#### [What to do]
Where the line containing "Breedunaway" appears, start repeating, and continue exactly through the last line below, adding nothing. Include no pictures.

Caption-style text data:

- Opening Delimiter -

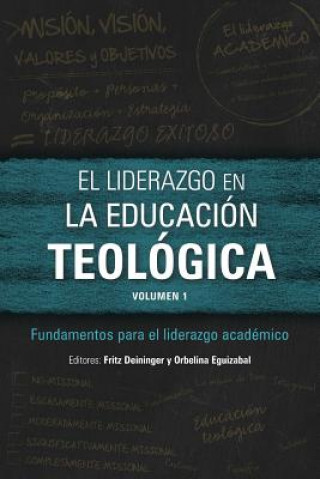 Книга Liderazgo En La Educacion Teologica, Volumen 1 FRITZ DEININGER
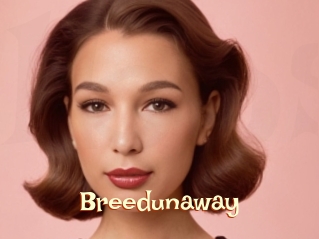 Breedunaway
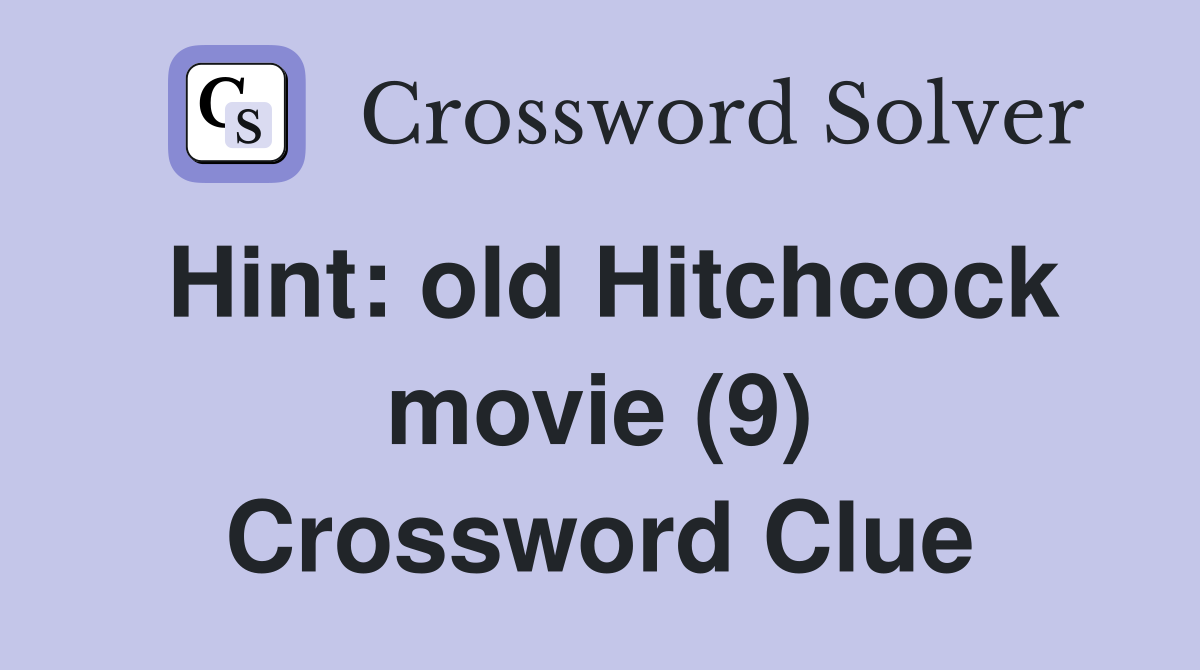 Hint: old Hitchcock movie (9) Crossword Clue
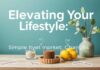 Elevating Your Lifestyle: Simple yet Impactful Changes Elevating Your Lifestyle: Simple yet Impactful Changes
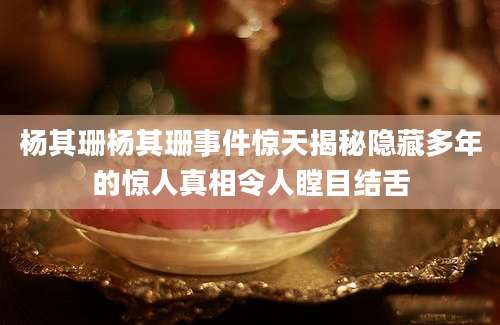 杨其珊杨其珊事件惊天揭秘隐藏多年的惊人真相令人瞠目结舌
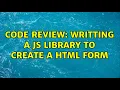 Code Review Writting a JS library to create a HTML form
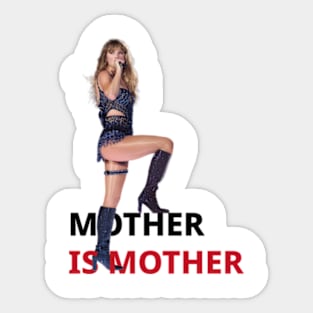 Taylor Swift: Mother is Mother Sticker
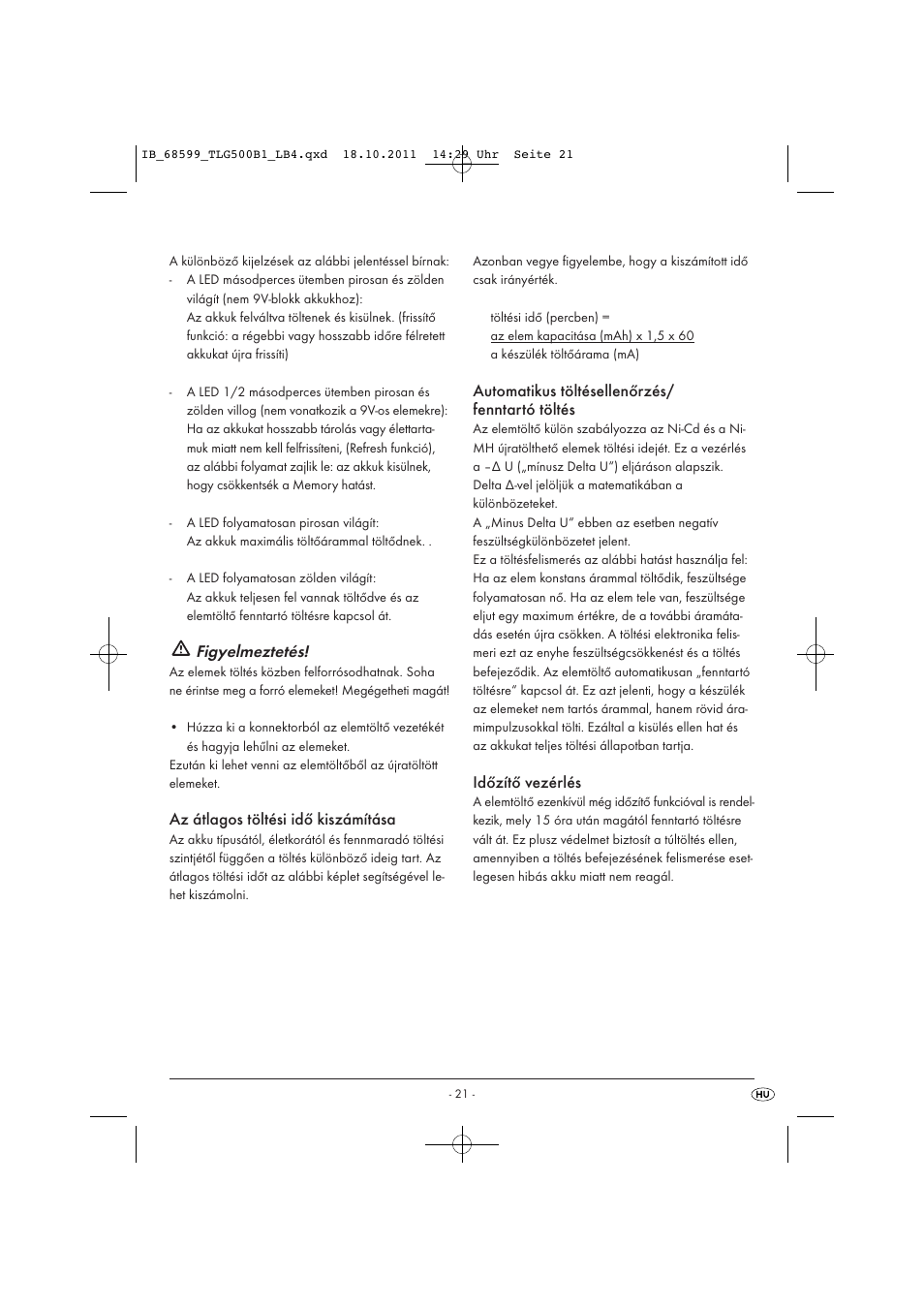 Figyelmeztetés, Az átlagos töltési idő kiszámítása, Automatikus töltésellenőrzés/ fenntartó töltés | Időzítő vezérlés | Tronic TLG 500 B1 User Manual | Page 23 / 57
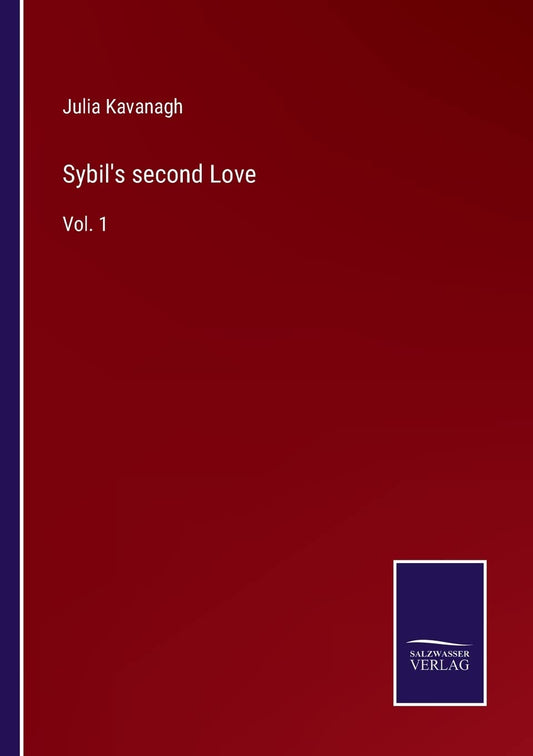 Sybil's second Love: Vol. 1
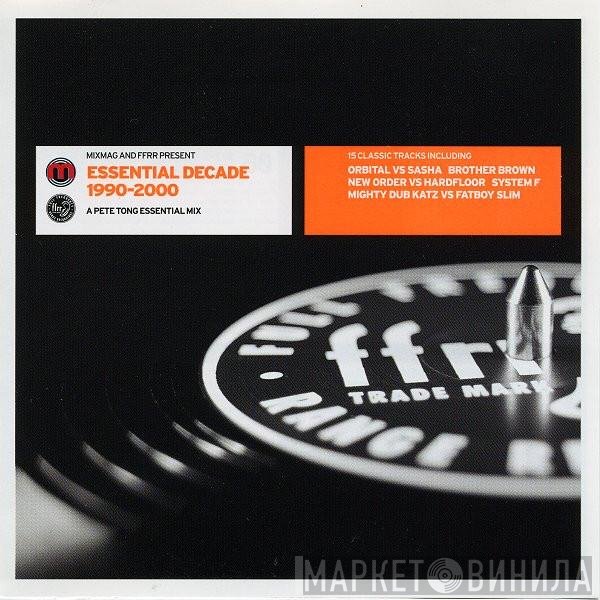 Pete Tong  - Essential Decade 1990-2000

- Closing Delimiter -

#### [Written response]
 Breedunaway
 Hint: old Hitchcock movie (9) Crossword Clue
 Elevating Your Lifestyle: Simple yet Impactful Changes Elevating Your Lifestyle: Simple yet Impactful Changes
 杨其珊杨其珊事件惊天揭秘隐藏多年的惊人真相令人瞠目结舌
 Code Review Writting a JS library to create a HTML form
 Taylor Swift: Mother is Mother Sticker
 Figyelmeztetés, Az átlagos töltési idő kiszámítása, Automatikus töltésellenőrzés/ fenntartó töltés | Időzítő vezérlés | Tronic TLG 500 B1 User Manual | Page 23 / 57
 Sybil's second Love: Vol. 1
 Pete Tong  - Essential Decade 1990-2000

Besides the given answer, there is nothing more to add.